The trailer 12 may be a semitruck trailer configured for towing, for example, by a class 8 tractor truck (not shown), or by any other vehicle suitable for towing industrial equipment. In a specific example, the trailer 12 may be a lowboy trailer, such as a single-drop-deck trailer, which may be rated to carry on the order of, for example, thirty-five tons of load, although higher and lower load ratings are certainly possible. The illustrated trailer 12 has a longitudinal length extending between the forward end 12a and the rearward end 12c, and transverse width perpendicular to the longitudinal length. The longitudinal length of the trailer 12 is greater than the transverse width. The trailer 12 may include an upper platform 32 extending rearwardly from the forward end 12a of the trailer 12, which may have support legs 13 and a tractor coupling (not separately shown), such as a kingpin, proximate the forward end 12a of the trailer 12. The trailer 12 also may include a lower platform 34 coupled to and extending rearwardly with respect to the upper platform 32 to the rearward end 12c of the trailer 12 and may also encompass the central portion 12b of the trailer 12. The lower platform 34 may be dropped or stepped down abruptly from the upper platform 32 with a 90 degree neck. The lower platform 34 may have one or more wheel axles 36 proximate the rearward end 12c of the trailer 12 that may include spread axles, as shown, or may include axles of any other configuration suitable for the load being carried. The wheel axles 36 may be unimount axles and the trailer 12 may have an air suspension (not separately shown). Each of the wheel axles 36 supports a plurality of laterally spaced apart wheels for rotating engagement with the ground. The trailer 12 may of course be configured differently from what is show here yet still be capable of carrying the glass recycling equipment 14 and, as such, the trailer 12 is not limited to the specific construction shown in the drawings.

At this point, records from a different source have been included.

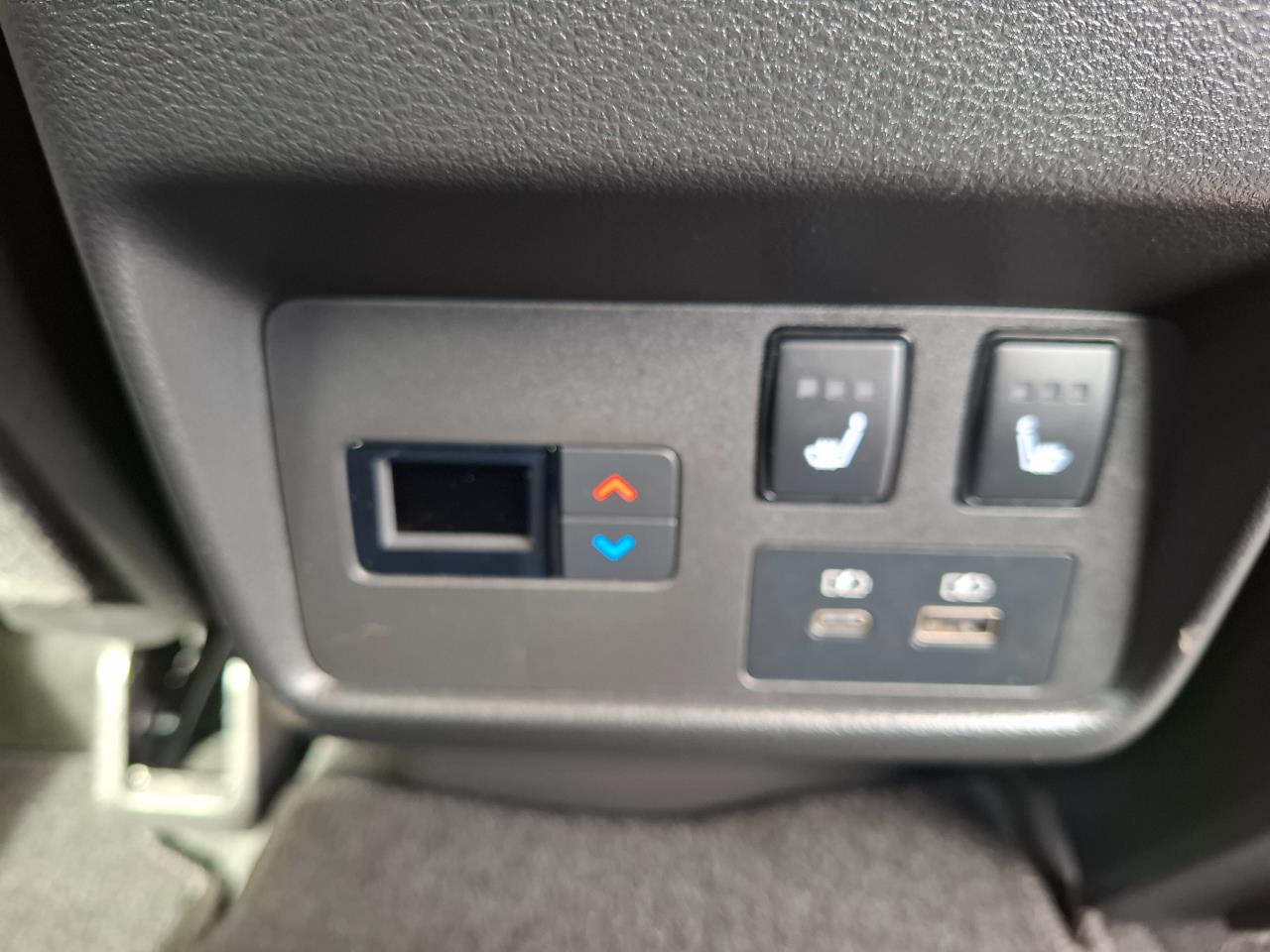 2024 Nissan X-Trail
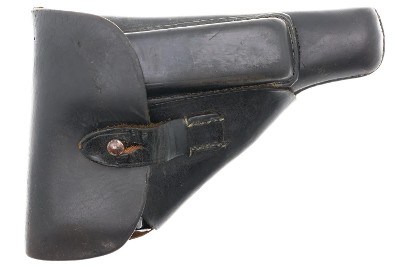 Walther PP 9mm Bottom Magazine Release, Holster Rig, 156815P, FB01657 - Image 11 of 11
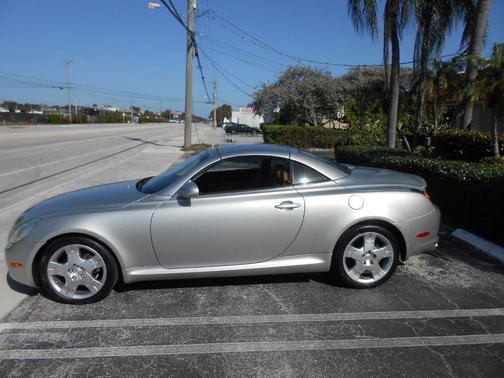 2003 Lexus SC 430 Base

The glass recycling equipment 14 includes a glass crushing apparatus 16, a glass milling apparatus 18, an optional fines separating apparatus 20, a ferrous metal separating apparatus 22, and a non-ferrous metal separating apparatus 24. The glass crushing apparatus 16 receives the recyclable stream of glass and crushes the used glass artifacts included therein into crushed glass pieces. The glass milling apparatus 18 receives the recyclable stream of glass after the glass crushing apparatus 16 and further mills the crushed glass pieces into milled glass pieces having a smaller average size-when measured along the largest dimension of the glass pieces—than the crushed glass pieces. The glass crushing and glass milling apparatuses 16, 18 may be located on the trailer 12 proximate the forward end 12a of the trailer 12 in the transport configuration of the system 10, whereas, in the operational configuration of the system 10, at least a portion of the glass crushing apparatus 16 may be deployed and operated off the trailer 12 while the milling apparatus 18 may remain located on the trailer 12. As used herein, the term “proximate” means located closer to one end of the trailer 12 than to an opposite end of the trailer 12.

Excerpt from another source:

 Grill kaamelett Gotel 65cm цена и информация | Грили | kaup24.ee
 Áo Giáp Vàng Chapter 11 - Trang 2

The optional fines separating apparatus 20 may be located operationally downstream of the glass milling apparatus 18 and the ferrous metal separating apparatus 22 may be located operationally downstream of the fines separating apparatus 20. The fines separating apparatus 20, if present, receives the recyclable stream of glass comprising the milled glass pieces and separates fines (i.e., small particles below a minimum size threshold), including pieces of glass that are too small, out of the recyclable stream of glass. If the fines separating apparatus 20 is not needed, a distribution apparatus 110 may be located operationally downstream of the glass milling apparatus 18 and operationally upstream of the ferrous metal separating apparatus 22, as shown in FIGS. 9 and 10 and schematically in FIG. 11. The ferrous metal separating apparatus 22 receives the recyclable stream of glass after the fines separating apparatus 20 (FIGS. 1-8) or the distribution apparatus 110 (FIGS. 9-11), whichever may be present, and separates ferrous metal out of the recyclable stream of glass. The fines and ferrous metal separating apparatuses 20, 22 may be located on the trailer 12 in the central portion 12b of the trailer 12 in both the transport and operational configurations of the system 10.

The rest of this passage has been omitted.